Dennis Foreman, a middle school science teacher and village council member in Piketon, said he doesn’t want the history of the A-Plant buried here. “Nobody will want to come here if it is a nuclear dump,” he said. Foreman thinks the whole complex could be transformed into something like an intermodal shipping hub. He envisions attracting Amazon to the area to re-purpose the facility as a giant distribution center, utilizing its rail and road access.

Foreman said the A-Plant’s whole history exploits Appalachia, and death is the most difficult part of its legacy. He watched his grandmother and mother die from rare cancers. Foreman’s grandmother was a cook in the now-shuttered Zahn’s Corner School, and his mother worked in the hospital in Piketon and lived downwind from the plant. The family planted a garden and ate vegetables from it for a generation. “The last week of my mother’s life, I spent sleeping on the tile floor of the same hospital my mom retired from,” Foreman said.

Someone is always dying of some mysterious cancer, Foreman said, and they have to be shipped off to a hospital in Columbus or Cincinnati in their final days, and then they die there, and their death is listed there. “The travesty of living in rural American is you don’t, according to the government record-keeping, even get to die where you are from,” Foreman said.

Vina Colley, meanwhile, continues to work the DOL’s warren of a claims process, keeping a wary eye on the A-Plant. On a recent fall day, she drove her Explorer on a rural road to the top of McCorkle’s Ridge. As dusk began to settle, plunging the valley bottom into early darkness, heavy machinery could be heard preparing a grave for 1.3 million cubic yards of radioactive material in the Pike County earth.

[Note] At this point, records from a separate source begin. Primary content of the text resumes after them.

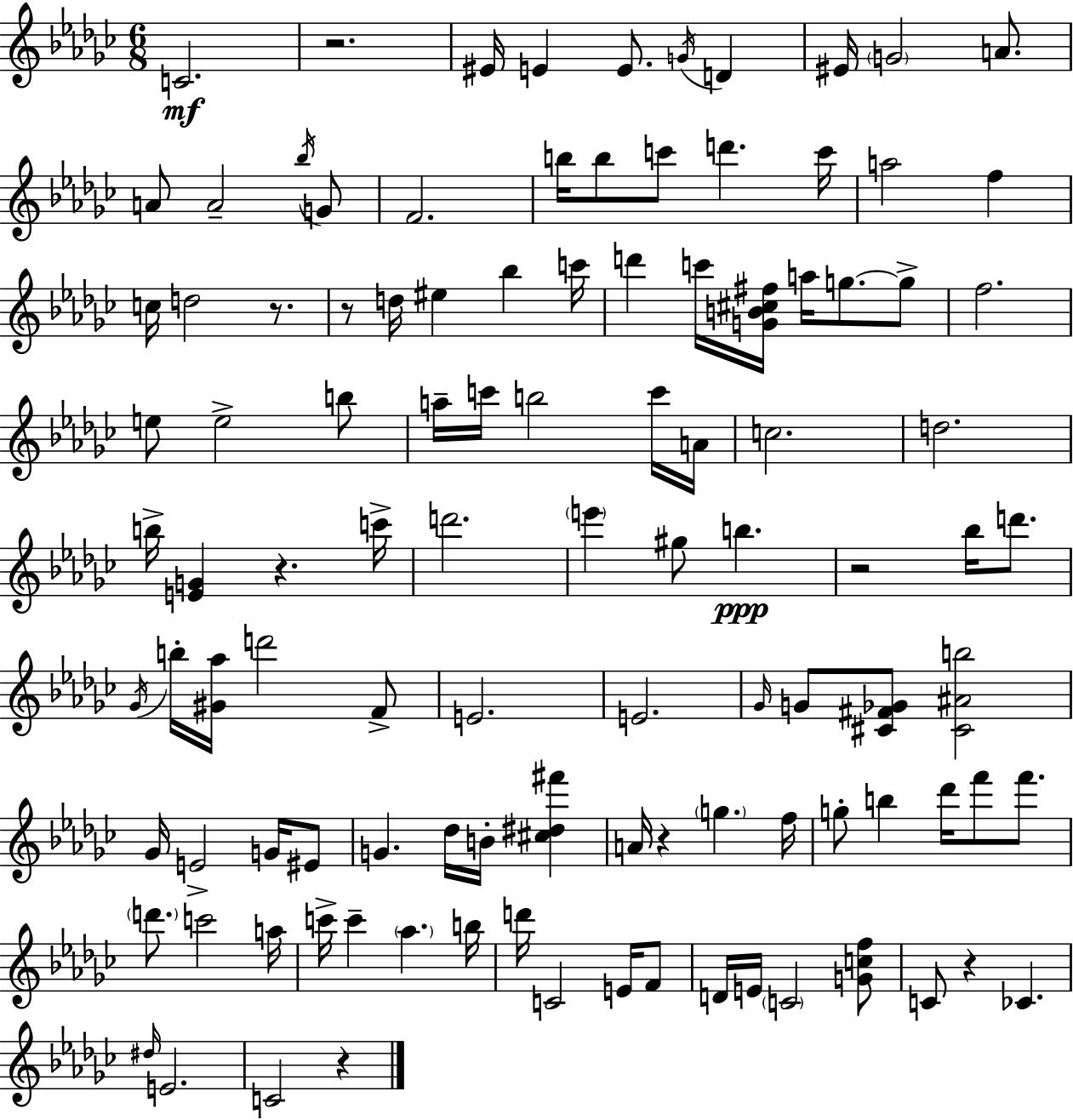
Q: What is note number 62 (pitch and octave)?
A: G4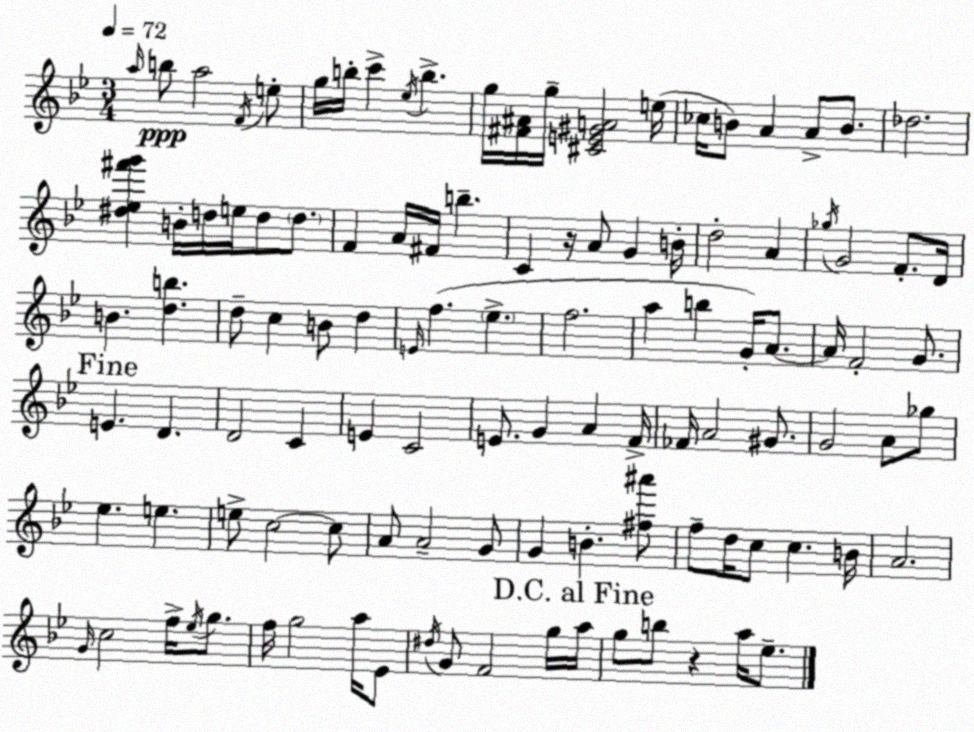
X:1
T:Untitled
M:3/4
L:1/4
K:Bb
a/4 b/2 a2 F/4 e/2 g/4 b/4 c' _e/4 b g/4 [^F^A]/4 g/4 [^CE^GA]2 e/4 _c/4 B/2 A A/2 B/2 _d2 [^d_e^f'g'] B/4 d/4 e/4 d/2 d/2 F A/4 ^F/4 b C z/4 A/2 G B/4 d2 A _g/4 G2 F/2 D/4 B [db] d/2 c B/2 d E/4 f _e f2 a b G/4 A/2 A/4 F2 G/2 E D D2 C E C2 E/2 G A F/4 _F/4 A2 ^G/2 G2 A/2 _g/2 _e e e/2 c2 c/2 A/2 A2 G/2 G B [^f^a']/2 f/2 d/4 c/2 c B/4 A2 G/4 c2 f/4 _e/4 g/2 f/4 g2 a/4 _E/2 ^d/4 G/2 F2 g/4 a/4 g/2 b/2 z a/4 _e/2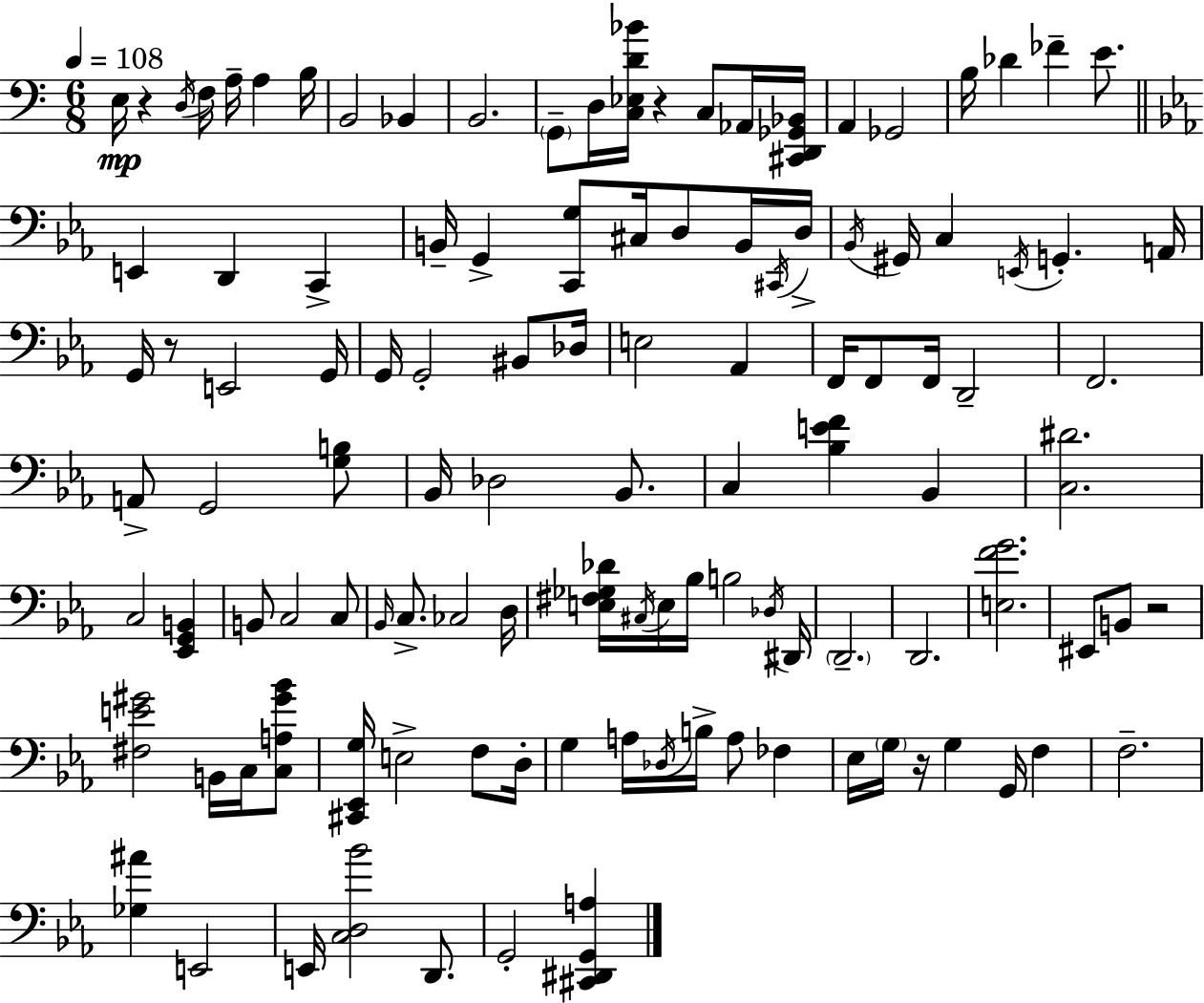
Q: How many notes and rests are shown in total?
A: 115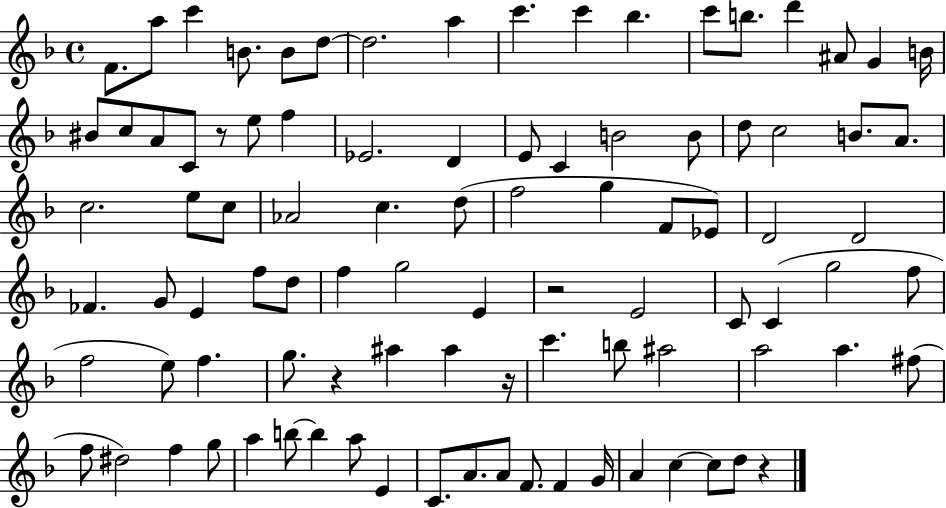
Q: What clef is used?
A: treble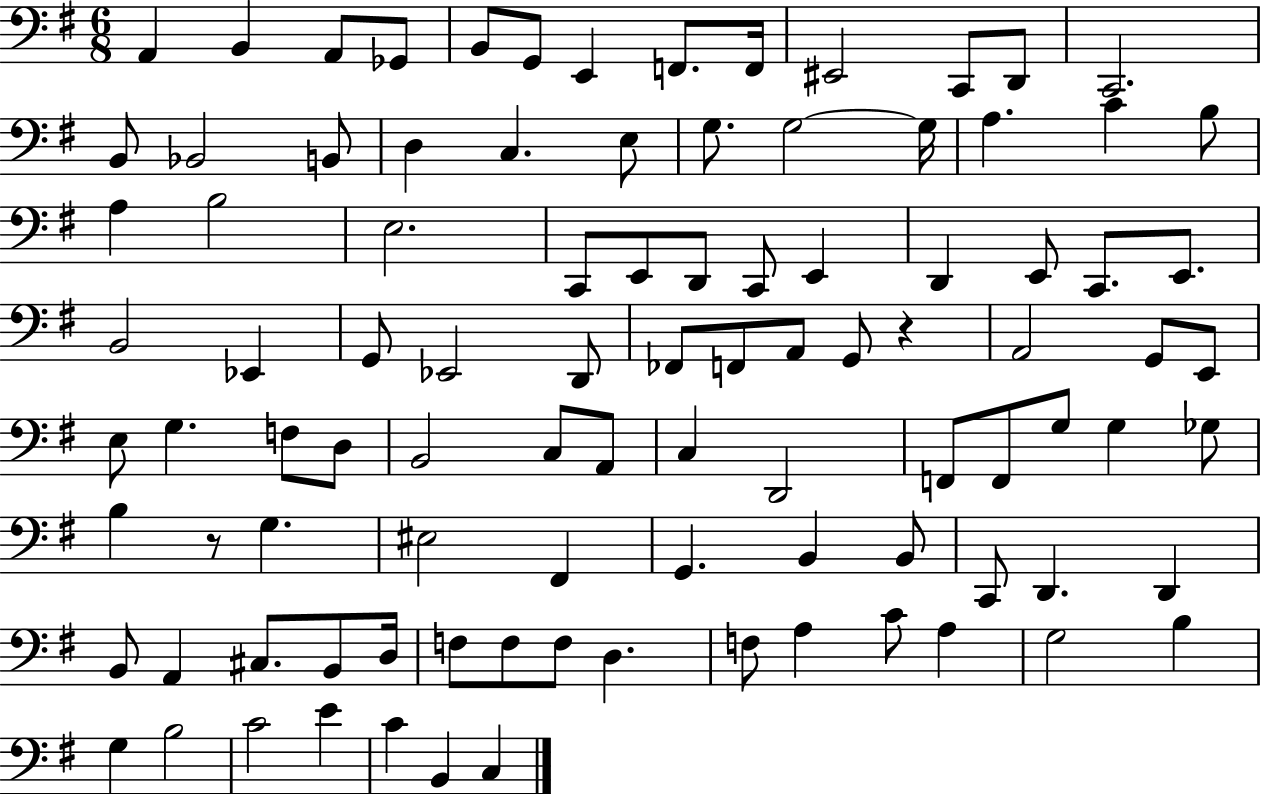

Colley believes, based on her research, that the pits will be so flimsy groundhogs could chew through them. And while the government contends the material will be safely stored, Colley’s research uncovered fractured bedrock that would give the radioactive material a direct line to the underground aquifer—and the potential to poison a new generation of Piketon.

So, her work continues. “When someone is lying to me, I have a determination to get to the bottom of it, and I’m done with it,” Colley said. “But this doesn’t have a bottom, it goes on and on and on.”